"There have been, quote, numerous conversations with White House lawyers well ahead of the report's release," said Rachel Maddow, quoting a breaking New York Times story.
April 17, 2019

Rachel Maddow had her hands full last night.

"Tonight we are fielding multiple breaking news stories ahead of the Justice Department's planned release of some version or versions of Robert Mueller's report tomorrow morning," she said.

"At the top of the list is this provocative new story from the New York Times saying the Justice Department officials have had extensive discussions about Mueller's findings with the White House ahead of tomorrow's planned release. There have been, quote, 'numerous conversations with White house lawyers well ahead of the report's release.' Is that what you're supposed to do with the special counsel's report on alleged criminal acts by the president? You're just supposed to give that to the president before you show any version of it to anyone else? Is that how this is supposed to go?

"Joining us now is Neal Katyal, formerly from the Obama administration. He was the head of the department that wrote the regulations that define the special counsel. Neal is joining us on the phone about 30 seconds before he has to get on a plane. Neal, thank you for making time for us," Maddow said.

"Let me first ask you about this report from the Times on releasing the findings to the White House before releasing it to anybody else. Is that what the regulations spell out they should be doing?"

"I think what iI learned in this kind of law school for this kind of behavior is super extra stinky," Katyal said.

"There are very careful rules that have been around for generations for governing the White House, its contacts with the Justice Department in general, and that's because our country's founders understood the prosecution power is massive, both because the president's enemies can be indicted and the president's friends, their wrongs can be covered up. Even in just an ordinary case, there is a very, very careful set of rules, and it's extremely rare to get the president any knowledge whatsoever of criminal cases.

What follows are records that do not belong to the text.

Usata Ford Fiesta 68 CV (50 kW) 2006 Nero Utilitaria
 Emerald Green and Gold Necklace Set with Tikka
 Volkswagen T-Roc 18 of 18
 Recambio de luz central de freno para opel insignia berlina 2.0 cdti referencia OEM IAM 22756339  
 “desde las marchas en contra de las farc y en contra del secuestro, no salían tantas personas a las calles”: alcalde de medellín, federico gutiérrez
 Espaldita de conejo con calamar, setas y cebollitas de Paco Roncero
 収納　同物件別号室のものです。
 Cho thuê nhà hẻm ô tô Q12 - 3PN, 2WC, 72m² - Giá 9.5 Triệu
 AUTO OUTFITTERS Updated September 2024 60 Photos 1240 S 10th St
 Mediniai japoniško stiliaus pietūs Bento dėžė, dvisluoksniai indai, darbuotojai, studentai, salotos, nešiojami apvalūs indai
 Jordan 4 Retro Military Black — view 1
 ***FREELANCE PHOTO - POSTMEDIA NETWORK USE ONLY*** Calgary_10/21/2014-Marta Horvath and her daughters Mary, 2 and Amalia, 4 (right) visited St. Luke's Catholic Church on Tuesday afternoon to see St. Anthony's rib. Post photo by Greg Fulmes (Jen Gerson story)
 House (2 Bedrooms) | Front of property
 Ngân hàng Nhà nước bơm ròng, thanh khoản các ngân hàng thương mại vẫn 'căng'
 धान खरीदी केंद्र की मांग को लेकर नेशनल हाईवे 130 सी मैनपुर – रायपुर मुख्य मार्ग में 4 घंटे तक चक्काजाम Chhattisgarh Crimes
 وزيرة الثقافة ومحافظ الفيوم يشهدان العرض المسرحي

"And this is that problem on steroids. The president is the subject of the investigation, and honestly, I've never heard of such a thing. It's a complete breach of precedent. It's a breach of common sense, and indeed, it makes Trump look blatantly guilty."

"In terms of the decision to do this within the Justice Department, would you have expected that somebody in the Justice Department would have played a bit of a gatekeeper role here? Would you have tried to say this is inappropriate and in keeping with Justice Department principles as you described, isn't there somebody in the Justice Department who would have tried to stop this or would have raised the alarm about doing this?" Maddow asked.

"I would have hoped so. But this Justice Department would have purged anyone who thinks independently or frankly who is consistent with the traditions of the department. And look, I guess I could have imagined an argument, Rachel, that says something like this. This report is going to be so damaging to the president, the one thing is that Trump himself took that off the table. He said the report totally exonerates him. So either that's wrong and the report doesn't exonerate him, or he is just willing to trash decades of DOJ precedent for nothing. Either way, it stinks to high heaven," Katyal said.

Maddow asked what he thought about Barr holding a press conference before the release of the report.

"At this point, enough with William Barr already. He's already once issued a summary/nonsummary that cleared Trump in 48 hours after Mueller took two years and didn't do that. And now it just looks like he's trying to get out in front of the Mueller report. And I honestly don't recall the Justice department ever doing something like this and first giving a press conference and then later having the documents and giving the press conference without the investigators there like Mueller, and certainly not in a high profile case like this.

"And, again, all of this together is just a complete breach of precedent, and it leads me to think boy, there is actually not just smoke there, there must be some fire."